> [Exercise description]:
Print, word for word, only the lines from the one with "il singolo PE" down to the last line of the listing below; no pictures.

> [Entries supplied]:

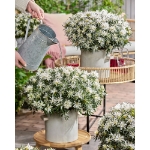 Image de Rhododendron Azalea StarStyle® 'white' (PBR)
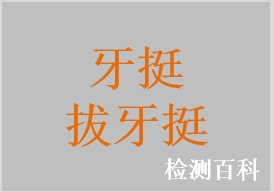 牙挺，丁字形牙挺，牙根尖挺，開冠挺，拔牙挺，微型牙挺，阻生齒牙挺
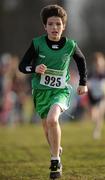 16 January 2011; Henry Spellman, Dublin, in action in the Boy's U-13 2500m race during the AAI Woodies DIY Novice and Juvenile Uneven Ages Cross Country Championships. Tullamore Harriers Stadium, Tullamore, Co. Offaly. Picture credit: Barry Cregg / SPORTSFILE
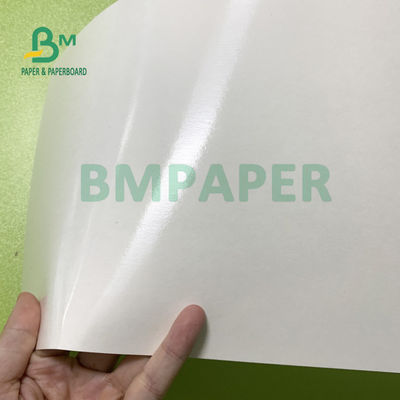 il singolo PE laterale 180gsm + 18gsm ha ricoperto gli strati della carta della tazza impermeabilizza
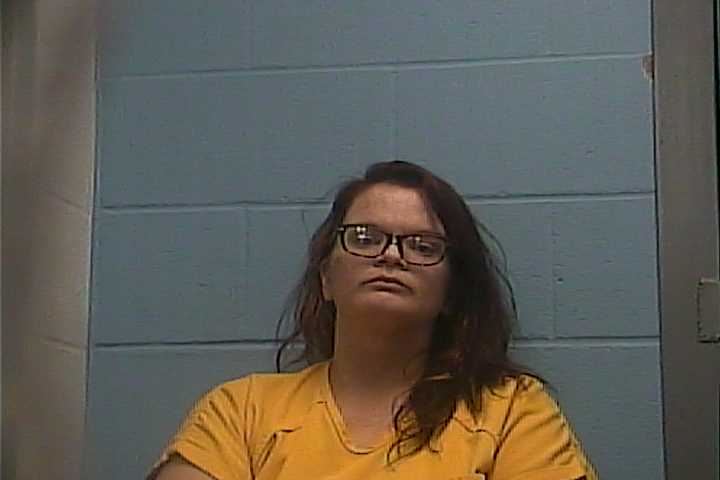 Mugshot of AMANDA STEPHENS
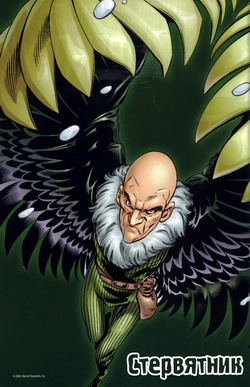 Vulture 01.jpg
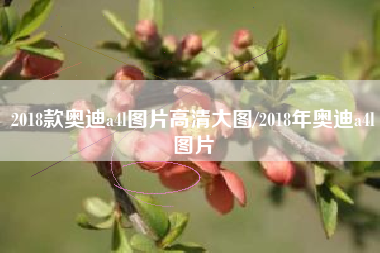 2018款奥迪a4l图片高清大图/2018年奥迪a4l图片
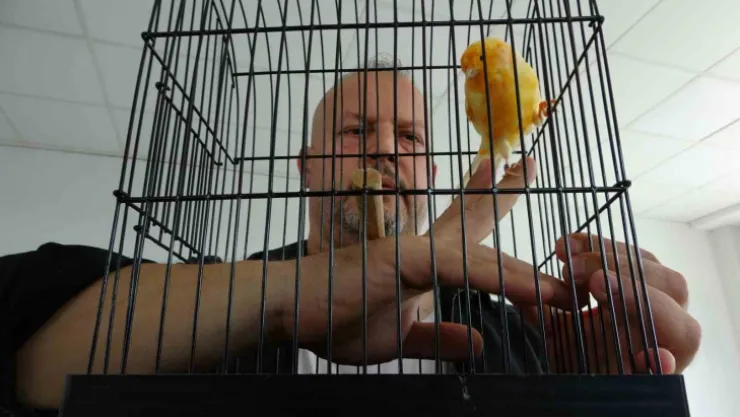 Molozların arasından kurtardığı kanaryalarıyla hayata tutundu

> [Answer section]:
 il singolo PE laterale 180gsm + 18gsm ha ricoperto gli strati della carta della tazza impermeabilizza
 Mugshot of AMANDA STEPHENS
 Vulture 01.jpg
 2018款奥迪a4l图片高清大图/2018年奥迪a4l图片
 Molozların arasından kurtardığı kanaryalarıyla hayata tutundu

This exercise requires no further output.